Per contra Buyer contended as under:

  • that since cause of action arose at both the places i.e. Bhubaneswar and Chennai, both Madras High Court as well as Orissa High Court will have supervisory jurisdiction;
  • that unless the parties tie themselves to an exclusive jurisdiction of the court in the agreement, mere mention of “venue” as a place of arbitration will not confer exclusive jurisdiction upon that court.

Judgement

  • As per Section 2(1)(e) of the Act, if the “subject-matter of the suit” is situated within the arbitral jurisdiction of two or more courts, the parties can agree to confine the jurisdiction in one of the competent courts. [Relying on Bharat Aluminium Co. v. Kaiser Aluminium Technical Services Inc. (2012) 9 SCC 552]
  • On many occasions, agreement may provide for a seat of arbitration at a place which would be neutral to both the parties. In such circumstances, the two courts would have jurisdiction that is the court within whose jurisdiction “subject-matter” of the suit is situated and the court within the jurisdiction of which the dispute resolution i.e. the “venue” of arbitration is located.
  • Where the contract specifies the jurisdiction of the court at a particular place, only such court will have the jurisdiction to deal with the matter and parties intended to exclude all other courts. [Relying on Swastik Gases (P) Ltd. v. Indian Oil Corpn. Ltd. (2013) 9 SCC 32]

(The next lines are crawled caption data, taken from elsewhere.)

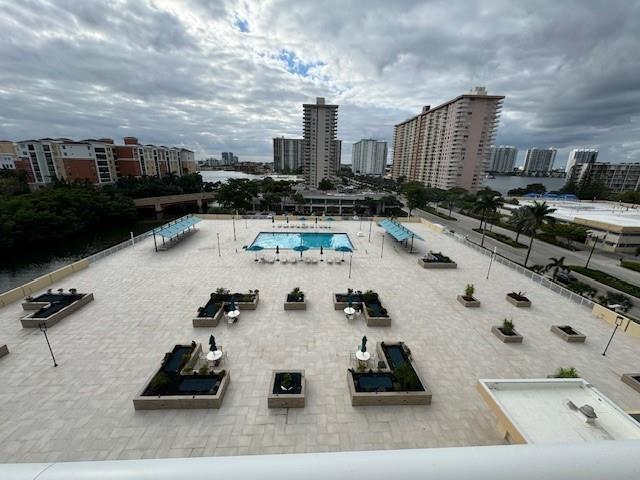 Ver detalles 814 3 / 3 2400 sq. ft. $ 2025-06-10 0 foto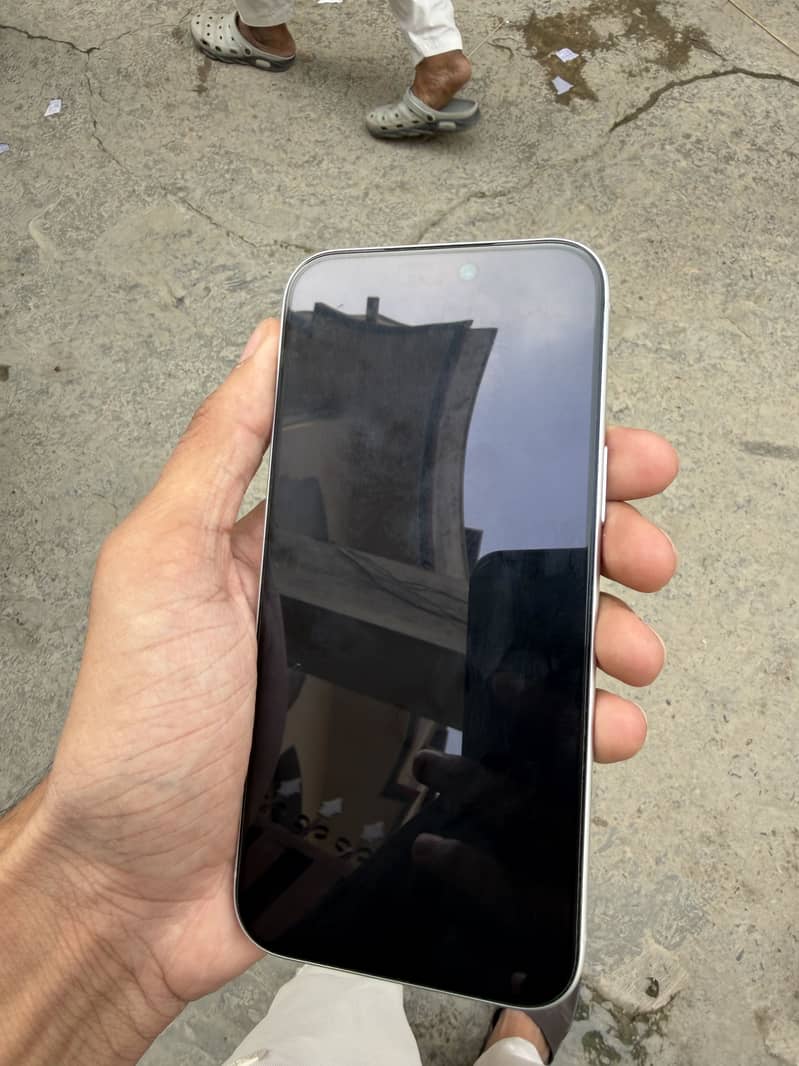 Apple iPhone 17 Pro Max 5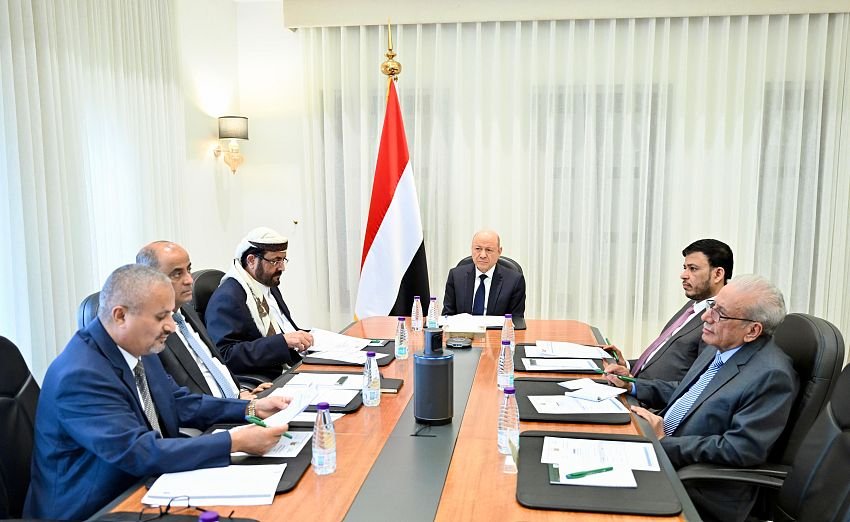 مجلس القيادة يناقش تقدم الإصلاحات الاقتصادية ويثمّن دعم الأشقاء وجهود فريق الخبراء الامميين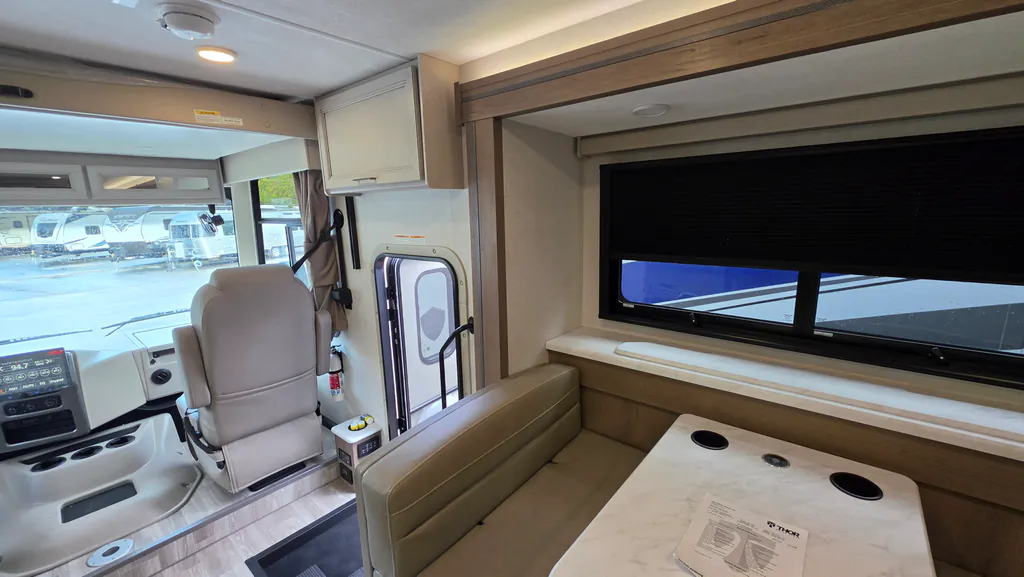 2027 Thor Motor Coach Windsport 36H, Photos photo 5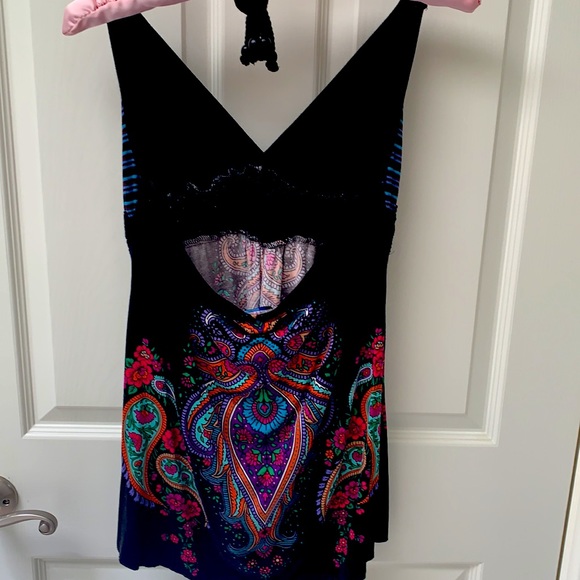 Adorable designer halter top - Picture 4 of 6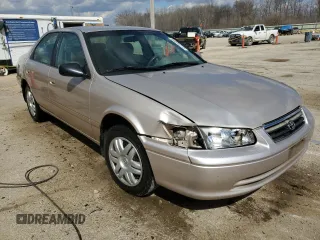 2001 Toyota Camry CE with VIN 4T1BG22K31U028525, listed as a Copart auction lot 50034775 with 103,444 mi miles and Salvage Title. Bid and sale history available at carsss.com. Image 4.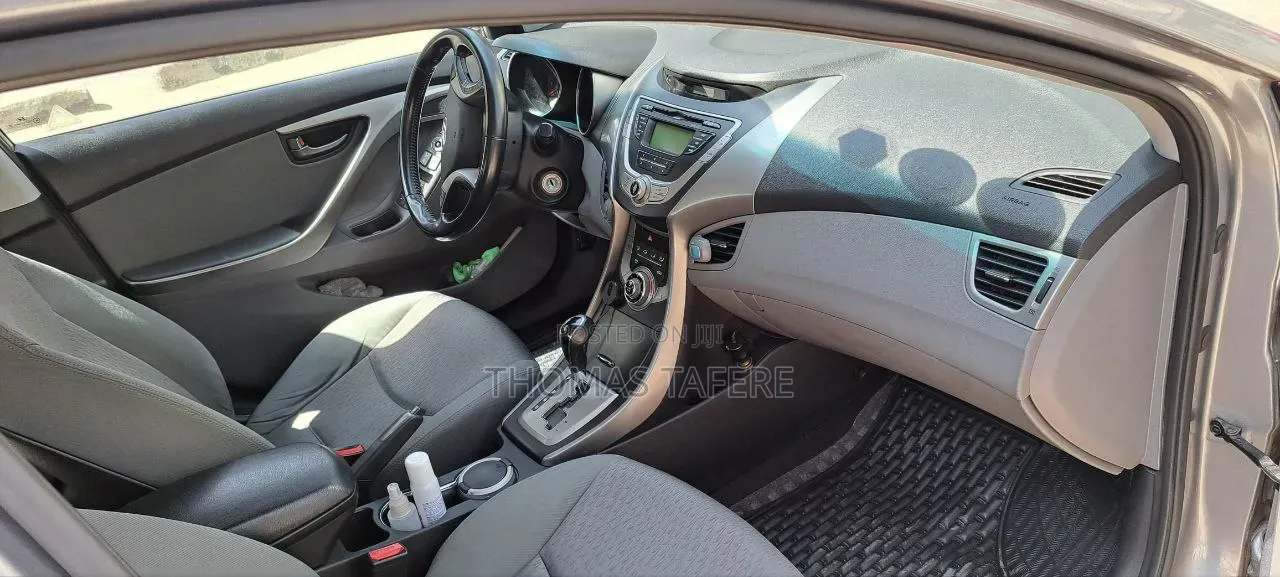 Hyundai Elantra 2013 Silver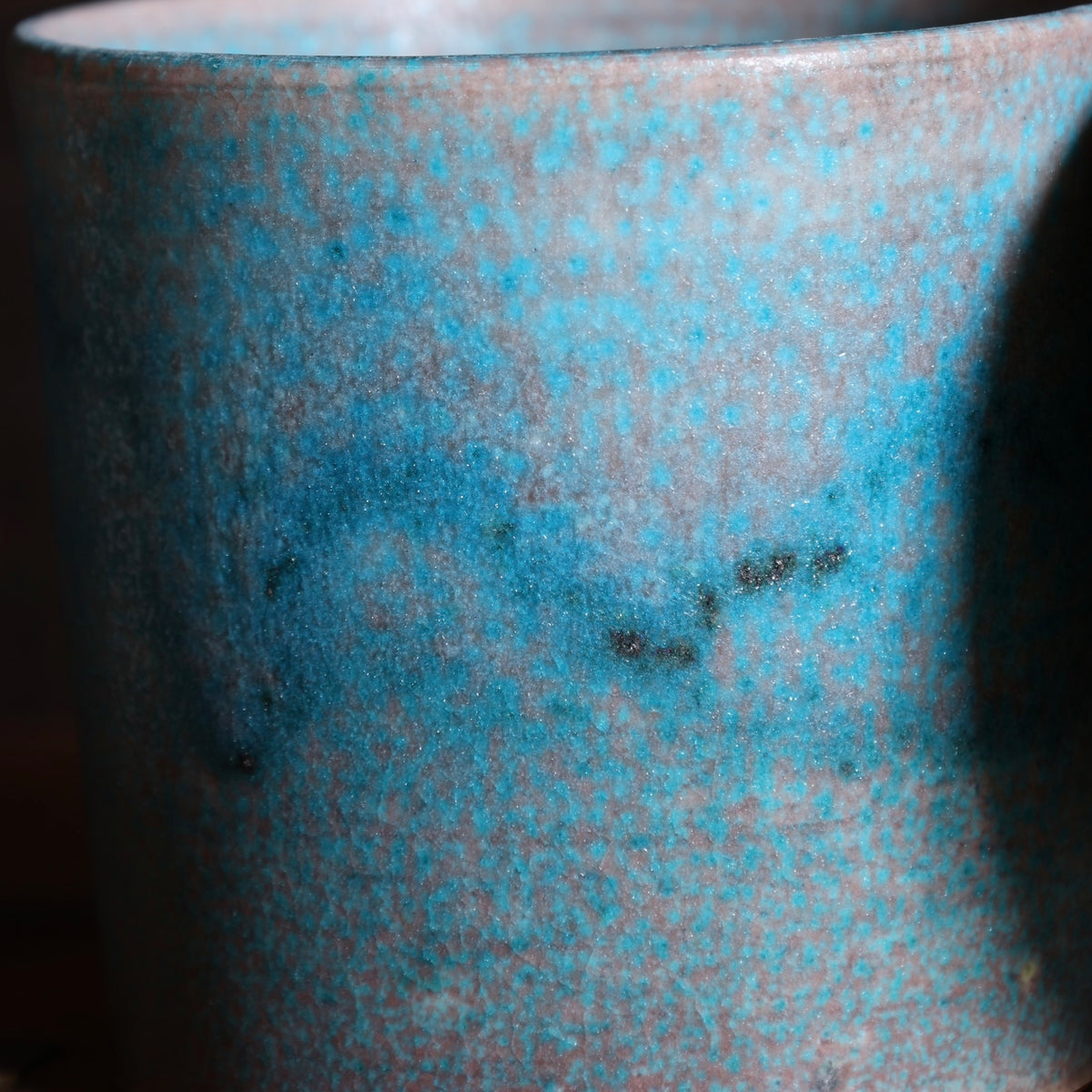 Pot à couvercle en céramique et glaçure cuivre de l'atelier Tokinoha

Therefore, the Court held that only Orissa High Court will have the jurisdiction.

My Comments

The case of Bharat Aluminium Company and Ors. etc. vs. Kaiser Aluminium Technical Service, Inc. and Ors. etc 2012 (9) SCC 552 envisages the situation where the parties may provide for a seat of arbitration at a place which would be neutral to both the parties, they may have the intention to exclude the jurisdiction of any other court that may be approached. An example given by the Court is that under a contract the obligations are to be performed either in Kolkata or in Mumbai, and the only arbitration is to take place at Delhi. In such circumstances, “both the Courts would have jurisdiction, i.e., the Court within whose jurisdiction the subject matter of the suit is situated and the courts within the jurisdiction of which the dispute resolution i.e., arbitration is located.”

2 (2)

In Indus Mobile Distribution Private Limited v. Datawind Innovations Private Limited and others (2017) 7 SCC 678 the Supreme Court observed that the moment the seat is designated by the parties, it is akin to an exclusive jurisdiction clause for purposes of regulating arbitral proceedings arising out of the agreement between the parties. It was further held that it is well settled that where more than one court has jurisdiction, it is open for the parties to exclude all other courts.

3 (2)

In Swastik Gases Private Limited v. Indian Oil Corp. Ltd (2013) 9 SCC 32 inter alia held that where agreement between the parties restricts jurisdiction to only one particular place, the Courts at that place alone would have jurisdiction. Thus, whilst it is correct that in cases where more than one Court exercises concurrent jurisdiction, the parties by an agreement can specify the Court which would exercise the jurisdiction over the subject matter, however, that does not mean that the parties by agreement can confer jurisdiction on a Court that cannot exercise any jurisdiction over the disputes.

4 (2)

Thus, a co-joint reading of the above-mentioned judicial precedents infers that in domestic arbitration in India, two courts would have jurisdiction in respect of arbitration. First, the court within whose jurisdiction “subject-matter” of the arbitration is situated and second the court within the jurisdiction of which the seat of arbitration is located. Once parties have agreed at the seat of arbitration, the court within the jurisdiction of which the seat of arbitration is located will have exclusive jurisdiction in respect of arbitration. Further, it will be presumed that by making such a choice, the parties have ousted the jurisdiction of other courts to deal with matter arising under the arbitration.